The first element of each class attribute vector is the name of the learner class
passed to the cl argument of makeLearner. Obviously, this adheres to the
naming conventions
• "classif.<R_method_name>" for classification,
• "multilabel.<R_method_name>" for multilabel classification,
• "regr.<R_method_name>" for regression,
• "surv.<R_method_name>" for survival analysis, and
• "cluster.<R_method_name>" for clustering.
Additionally, there exist intermediate classes that reflect the type of learning
problem, i.e., all classification learners inherit from RLearnerClassif, all regression
learners from RLearnerRegr and so on. Their superclasses are RLearner and
finally Learner. For all these (sub)classes there exist constructor functions
makeRLearner, makeRLearnerClassif, makeRLearneRegr etc. that are called
internally by makeLearner.
248
Integrating Another Learner EXTEND
A short side remark: As you might have noticed there does not exist a special
learner class for cost-sensitive classification (costsens) with example-specific costs.
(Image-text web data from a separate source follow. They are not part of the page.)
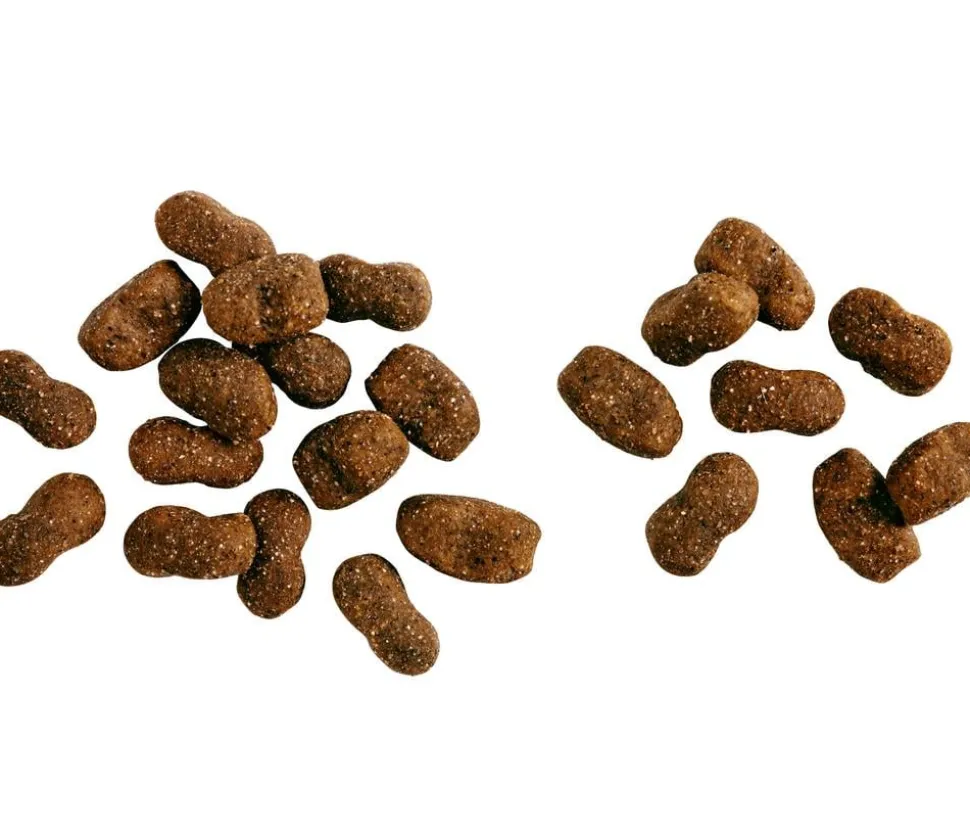 BELCANDO® Trockenfutter für Hunde Baseline Young, Junior, Geflügel, 12,5 kg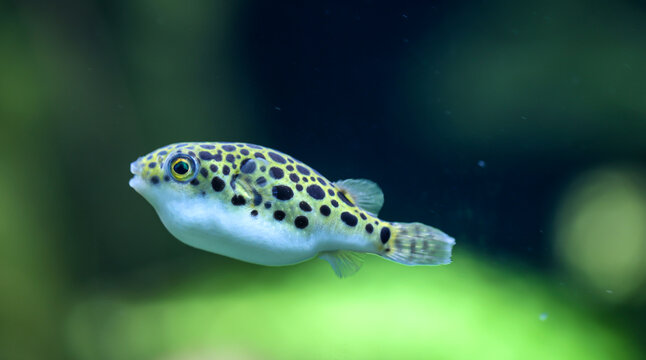 Ein kleiner S&uuml;&szlig;wasserkugelfisch im Aquarium. Sie ern&auml;hren sich von Schnecken. Leopard-Kugelfisch, Tetraodon schoutedeni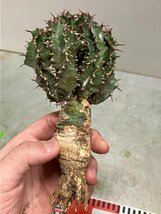 6954 「多肉植物」ユーフォルビア ペラングスタ 抜き苗【3/9最新到着・塊根植物・Euphorbia perangusta】_画像3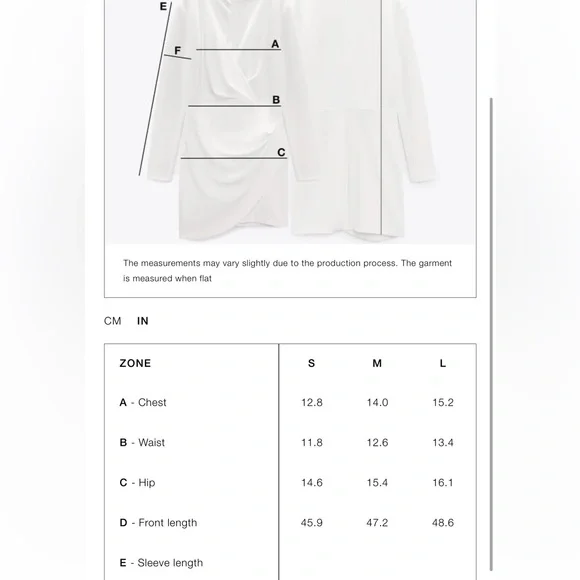 Zara Printed Tulle Dress - Picture 8 of 8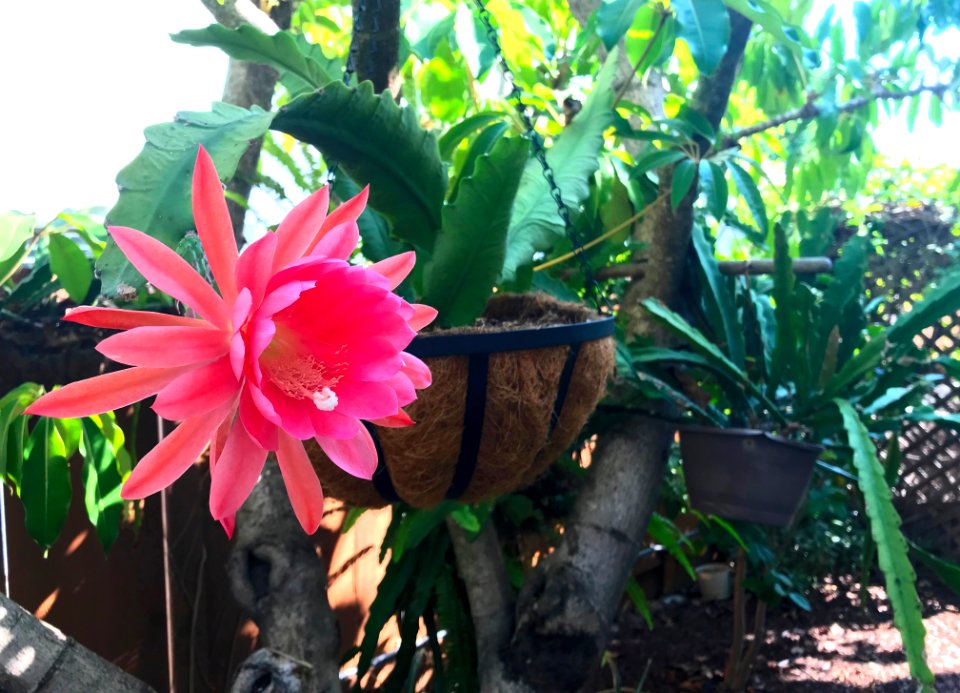 Very Late Epiphyllum Blossom
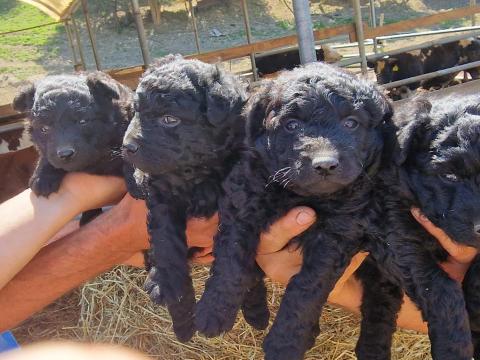 Mudi kiskutyák Mudi kiskutyák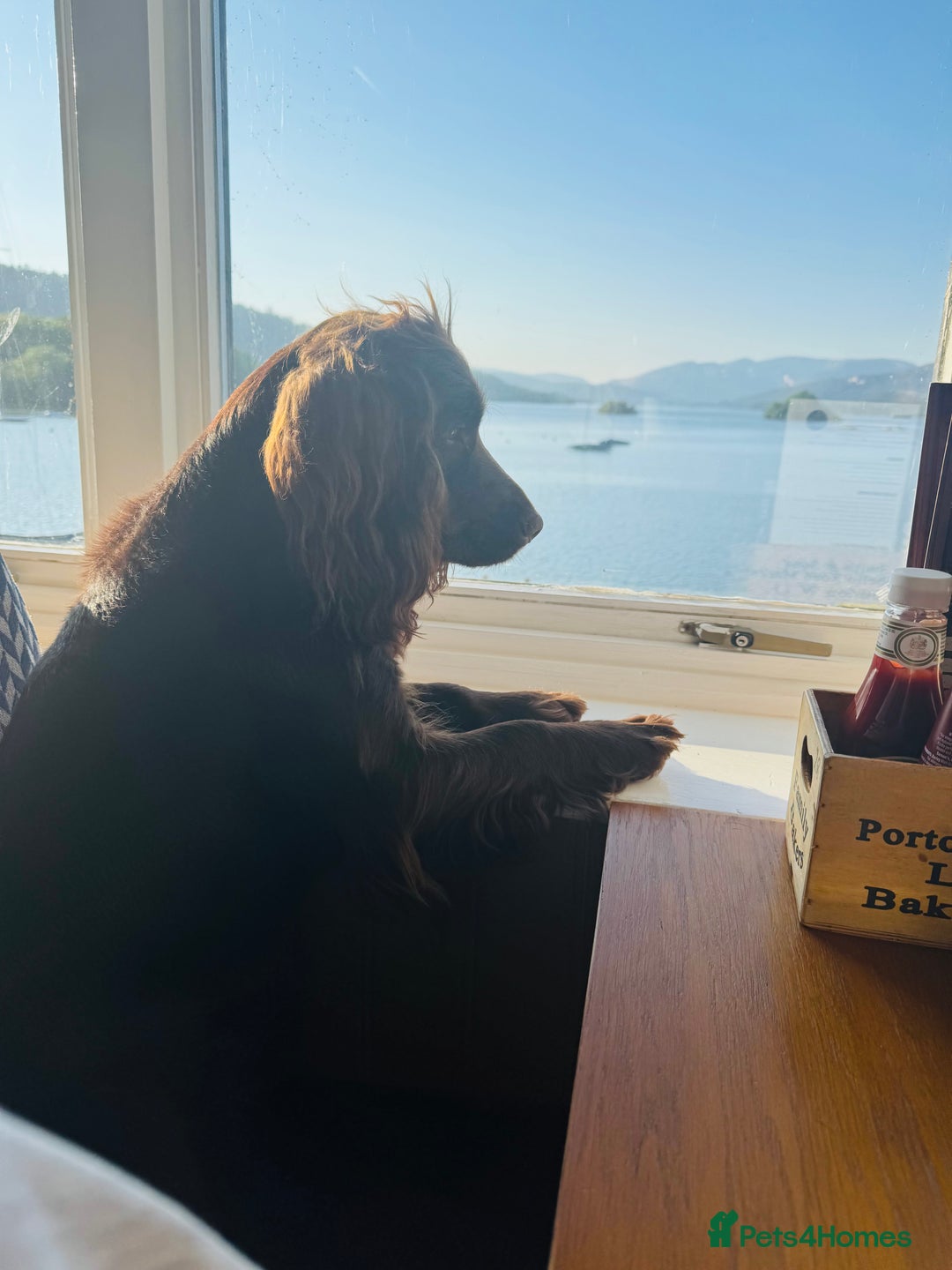 Cocker Spaniel dogs for sale: 1 year old working cocker  - Image 4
This type of learning task is currently exclusively handled through wrappers like
makeCostSensWeightedPairsWrapper.
In the following we show how to integrate learners for the five types of learning
tasks mentioned above. Defining a completely new type of learner that has
special properties and does not fit into one of the existing schemes is of course
possible, but much more advanced and not covered here.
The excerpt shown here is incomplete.